Here are six top-rated recipes from Chef John that use panko to perfection:
1. Chicken Kiev
Moist and tender inside, crispy outside, with a surprise garlic-butter center, this elegant chicken recipe can’t fail to impress. “It’s one of the greatest chicken experiences of your life,” says Chef John. “It’s also one of the greatest garlic experiences of your life, as well as one of the greatest butter experiences of your life.”
Panko is delicate enough to use in recipes like this ricotta cheese tart. “I love the simple combination of really good ricotta and fresh herbs baked with just enough eggs to hold things together,” says Chef John.

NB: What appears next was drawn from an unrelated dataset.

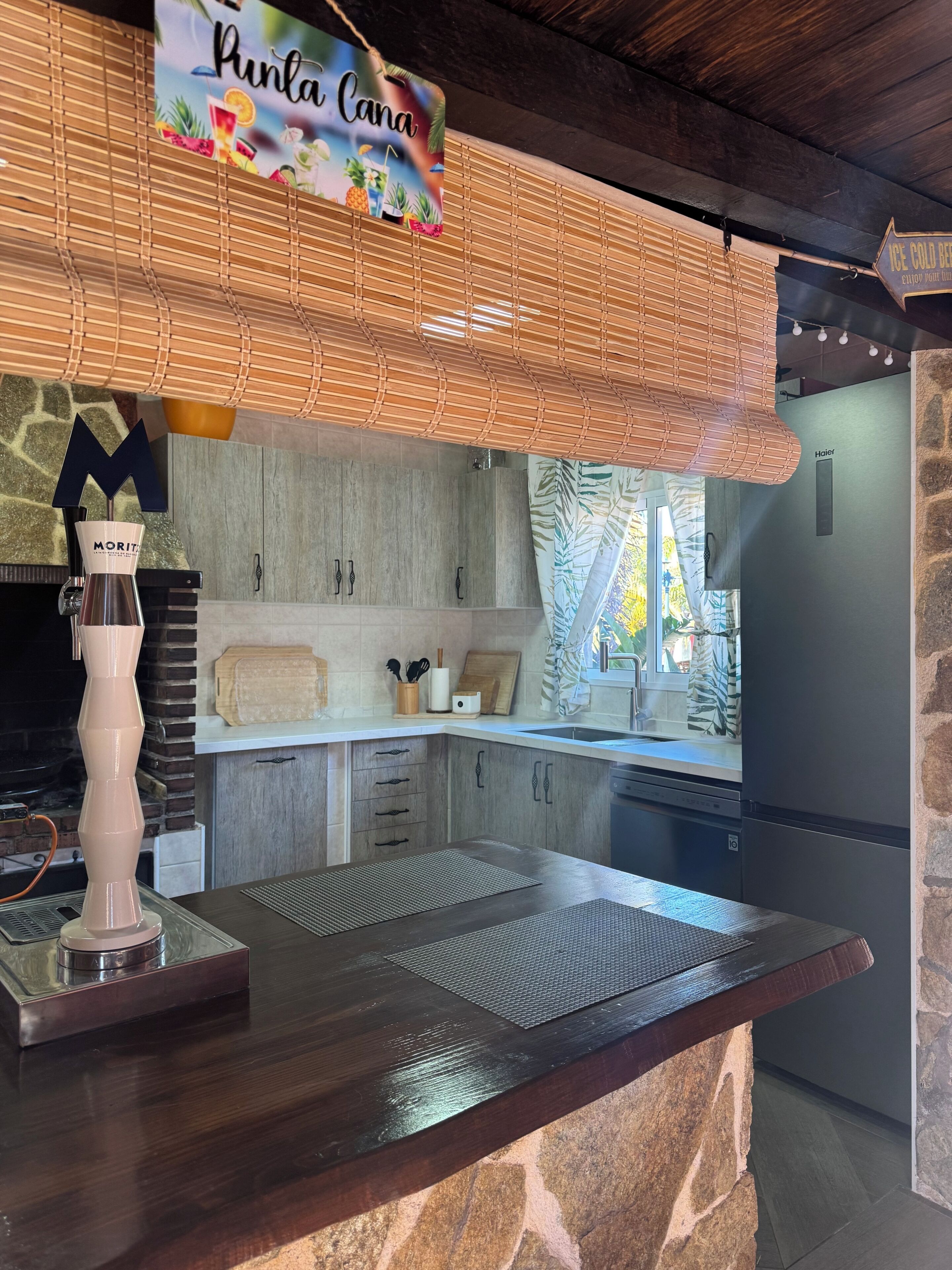 Une cuisine avec un mur en pierre, un plan de travail en bois, une machine à café Morit et une enseigne indiquant « Punta Cana ».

Panko also make the best Scotch eggs. “In my version of Scotch eggs, I keep the egg soft, so when you bite in, you get that amazing contrast in texture between the molten yolk and the crispy sausage shell,” says Chef John.
4. Shrimp Cakes
“I love Asian-style fish or shrimp cakes but almost never order them because I find there’s too much filler or ‘binder,'” says Chef John. Not here. “If you want to enjoy shrimp cakes in their most pure form, give this recipe a try. It takes just a few minutes if you use your food processor.” Enjoy them with Chef John’s Thai-Style Sweet Chili Sauce.
“This is the world’s greatest baked bean recipe, and a classic French dish,” says Chef John. You’ll simmer white beans with garlic, onions, bay leaf, and a whole clove. Then combine the flavorful beans with bacon, sausage, and duck confit. After letting the cassoulet simmer, you’ll top it with a panko mixture and bake to bubbly.
6. City Chicken
What happens when a simple country chicken heads to the big city? It becomes pork! Yes, this breaded-and-fried meat-on-a-stick isn’t chicken at all, it’s chopped pork tenderloin (or pork shoulder). Chef John explains the story of this mock chicken drumstick: “City cooks, who couldn’t get chicken, would take scraps from much cheaper, at the time, pork and build something similar to what you see here.” Enjoy with honey mustard!